Regarding Citizen Columnist Jerry Luber's Sept. 5 piece, "Election system was created for a different time - let's change it":

What the writer fails to understand is that the Electoral College, a stroke of genius on the part of our Founding Fathers, is the glue that holds our two-party system together.

Since the switch was made in 1824 to have these electors chosen by popular vote, 13 of the 47 contests have failed to produce popular-vote majorities, and in seven instances the tallies were less than two percentage points apart. In several of these contests, the popular-vote differences nearly represented statistical dead heats. It was the spread in the Electoral College that saved the day.

Elimination of the Electoral College would leave two possibilities. We often would have our presidents elected with simple pluralities, with all the attending political woes. Or, worse, we would have runoffs to achieve a majority, extending an already overlong election process.

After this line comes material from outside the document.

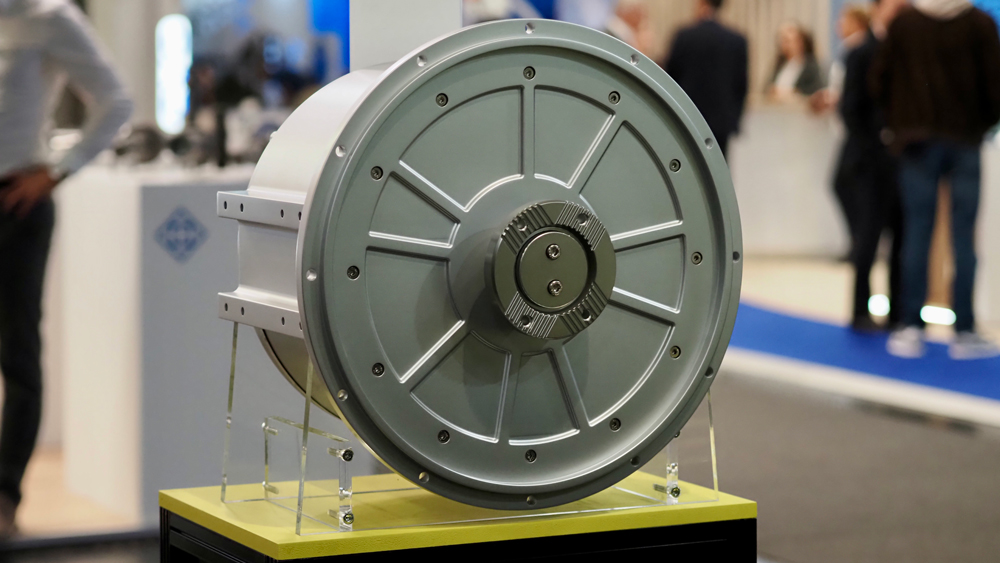 Ohne Magnete und Kupfer
Der Elektromotor "Titan" kommt ohne Seltene Erden aus und soll durch seine Konstruktion im realen Fahrzyklus von Nutzfahrzeugen um bis zu 25 Prozent effizienter arbeiten. Durch das extrudierte Gehäuse lässt er sich zudem flexibel in der Baulänge anpassen.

The Electoral College provides us with decisive vote counts. If winners needed only a simple plurality, serious third-, fourth- and fifth-party candidates would be encouraged to enter the field, and we could end up with parliamentary situations of coalitions and stagnation similar to those in Europe. The need to obtain a majority in the college produces two big umbrella parties, where discordant elements have to hang together if they want to win the White House or majorities in the House and Senate.

Imagine the election of 1860, which had four serious candidates, if there had been no Electoral College. Abraham Lincoln received less than 40 percent of the popular vote, but won a whopping 180 in the college, hardly a squeak-through victory. His nearest competitor got only 72 electoral votes, providing Lincoln with a psychological advantage he otherwise would not have had. The other two contestants received only 12 and 39 electoral votes.

The elimination of the college would also empower big-city machines to determine close elections with fraudulent vote counts, whereas currently they only corrupt their own states. And close elections, such as the 2000 presidential contest, would require endless recounts. Proportionate voting in the college, as is currently the case in a few of our states, carries problems similar to those of a purely popular election and should be avoided as well.

The Electoral College has served us well over the years, and it would be an act of utter insanity to do away with it.